And I look really nothing like her, aside from that we have the same skin color and my dad was baldheaded. He is a baldheaded man. And so it’s funny because all through school people would be like, you look just like your dad. And I really think they would say it because I certainly didn’t look like my mom.
You know what I mean? Like, so it happens biologically all of the time. I mean, that’s true often that you just may not look like your biological. So, so tell me a little bit, because I do find this interesting. How did they incorporate it? So early on into your life that you were adopted to the point where they clearly did something well, because you wanted to adopt, but that’s not always the case.

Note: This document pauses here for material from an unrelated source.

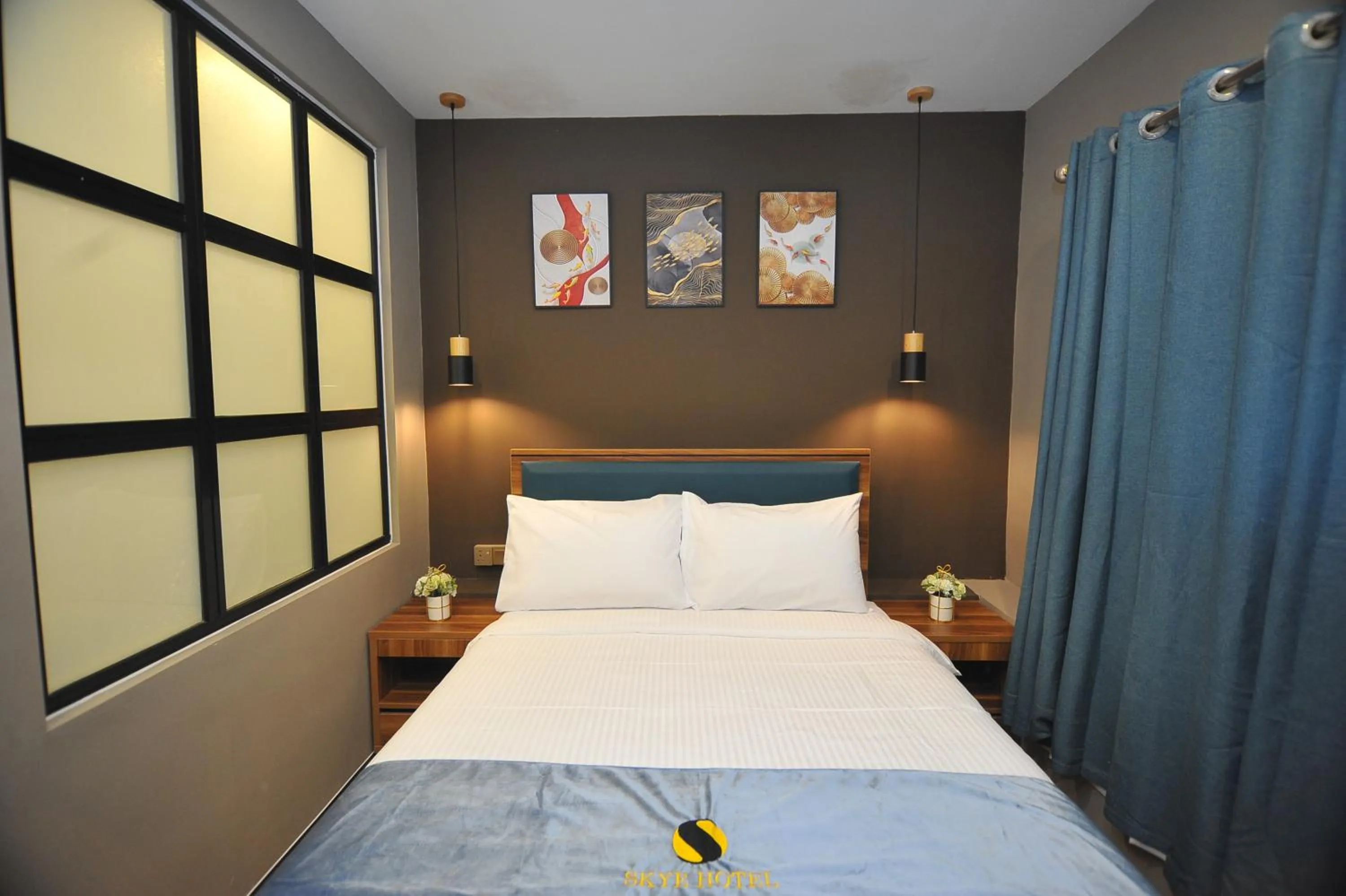 Bed in Skye Hotel Sunway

And so talk to me a little bit about how they did that and your perspective as a child. Yeah. So, I mean, I know that, um, we, there were a couple of children’s books that we had on hand that we would read as a family. I can’t remember right now off the top of my head, what they were. Um, but I find them out, let me know in the show notes, I will ask them and I can tell you a little bit later what, what books we use with my children now, but it’s on my list to ask you about, but back in the eighties, there were a couple books that I can’t remember now, what they, what they were, but, uh, just sort of instilling this, uh, sense of.
And this is how I like to talk about it with other people too, for my daughters is really illustrating to the child. And in this case, for me, illustrating your beginning, like how did, how did you come into the world? You came into the world through another woman’s belly and she loved you so much that she knew she couldn’t care for you.

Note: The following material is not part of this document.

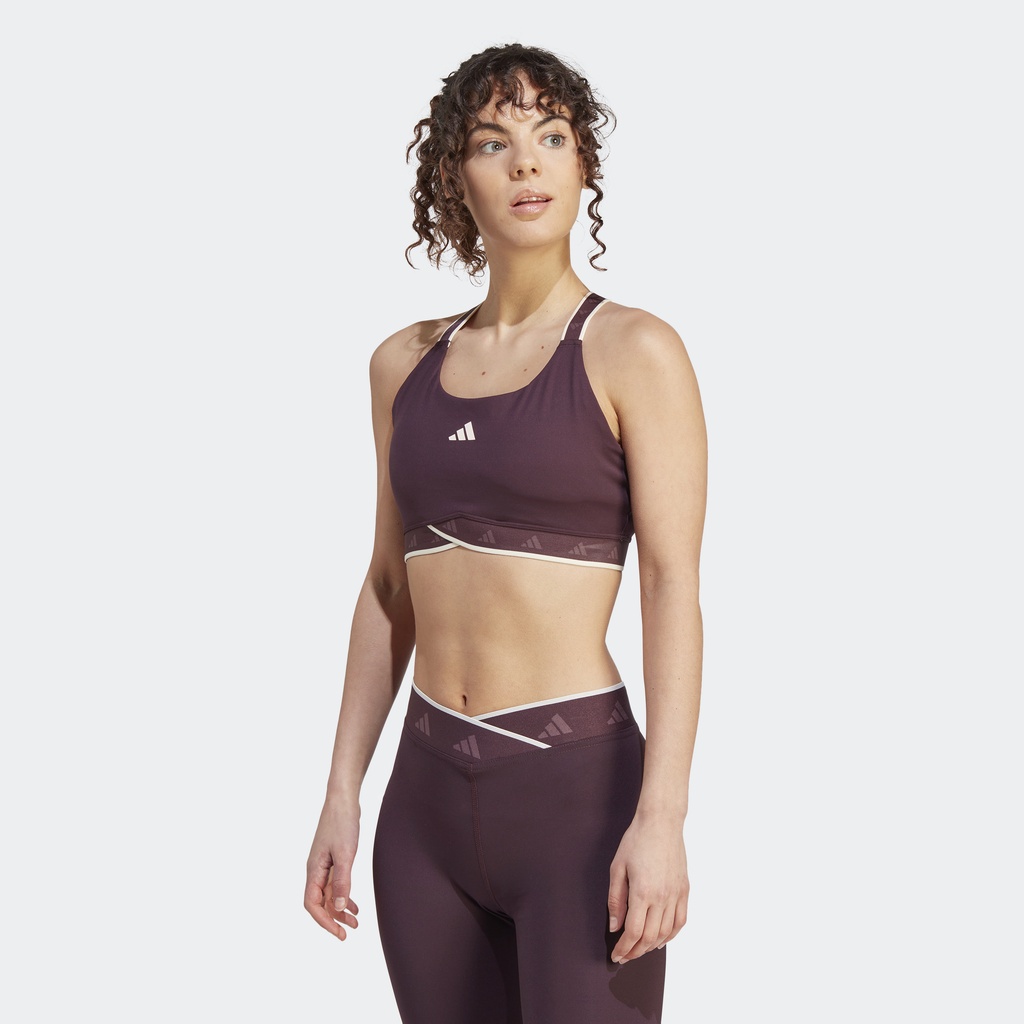 Adidas Tập luyện Áo Bra Tập Luyện Medium Support Techfit Powerimpact Nữ Đỏ HN7252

And so she sought us out and we, we became your parents because we had space in our heart and space in our home to raise a child. And I don’t necessarily remember that exact language, but it was just, that was the overall vibe that I was just raised with. And so from the time I was three or four years old, I was, I knew that I was adopted.
I knew I didn’t necessarily understand obviously the intricacies of that, but I always knew that that’s kind of where I came from and how I started. Now. I will say my story is a little bit unique in that I think. And I think if I really had to summarize. What it was that you, cause you, you just use the phrase, you know, obviously it worked well.
Um, I think what worked well for me was just this sense that I was so loved. And so being raised a child that was just extremely loved, I had both sets of grandparents, you know, that were relatively close by just, I had this sense of family from the beginning and just this overwhelming love, like this overwhelming, you can do anything.
You get, you know, just the support and this confidence. And, um, because of that, I really, I mean, I, I can’t really look back. And S and really see any time in my life when I really struggled with understanding my adoption. Now that’s not the case for everyone. It’s actually quite the anomaly. Um, I know that even my brother and, and close friends of mine, that I have that were adopted, kind of went through some sort of phase, whether it was in their teenage years or even younger, where they just kind of had those, Hey, wait a minute.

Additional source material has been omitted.